J’ai au même moment franchi une autre étape importante dans mon projet de vie, j’ai travaillé la guitare et j’ai commencé à m’accompagner, d’abord sur quelques chansons à deux guitares, Jonathan continuant à assurer l’autre, puis quelques chansons en solo avec An Oran, mon collègue Thomas PLES me laissant sur scène pendant quelques minutes. La dernière étape importante a été le départ de Jonathan du groupe Realta. Un peu triste humainement, mais ça m’a donné envie de mettre les bouchées doubles pour assurer tout le programme en tant que chanteur-guitariste, plutôt que lui chercher un remplaçant. Baptême du feu réussi en septembre dernier devant quelques milliers de personne (ma quasi-immunité au trac était la bienvenue). Conséquence logique, j’ai aussi travaillé ce répertoire en solo chant-guitare, ce qui constitue mon projet prioritaire actuellement.
Les premiers concerts m’ont permis de percevoir les différences entre le chant seul et le chant en groupe. Mes plus grands progrès concernant mon positionnement professionnel, ma posture d’artiste, la place du chant dans ma vie ont eu lieu ces dernières semaines, dans la maturation de mes sensations sur ces concerts, et sur ce que j’apporte et attends de mes collègues.

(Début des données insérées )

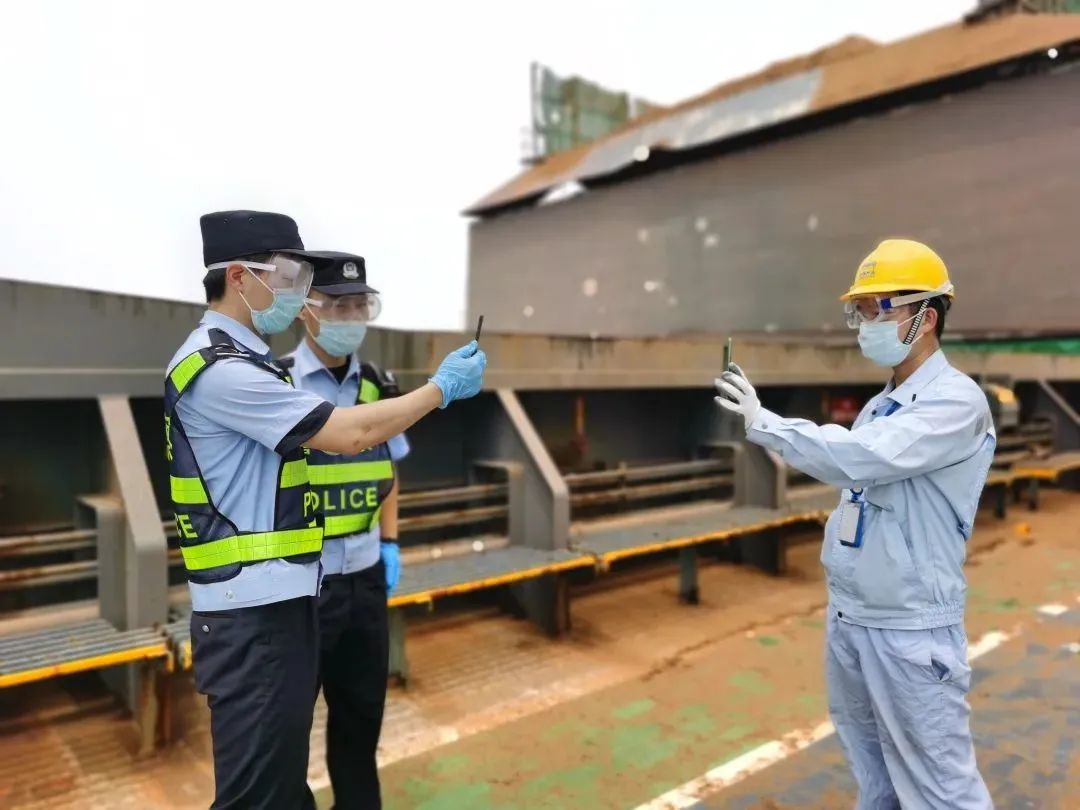 连接员工作照片 7f2d-5780cb2d9dd8f9d54f77c516c9c5c3aa.jpg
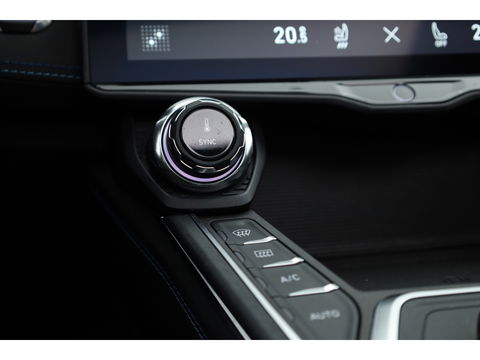 Lynk & Co 01 1.5 | Pano | 360cam | Zwarte hemel | Adapt. Cruise | Keyless | Infinity audio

N’ayant pas de soucis techniques pour le moment, je laisse aller mes envies en allant à la rencontre d’autres styles. Je trouverai des limites dans ces rencontres, que j’observerai et que je repousserai, comme je l’ai déjà fait quelques fois. Le travail vocal, tout en continuant à occuper une grande partie de mon temps, n’est plus une préoccupation. Je vais donc orienter mon attention plutôt sur l’écriture, la guitare, et la présence scénique. Et peut-être réveiller ma vieille vocation d’enseignant, que j’ai écartée pendant une douzaine d’années.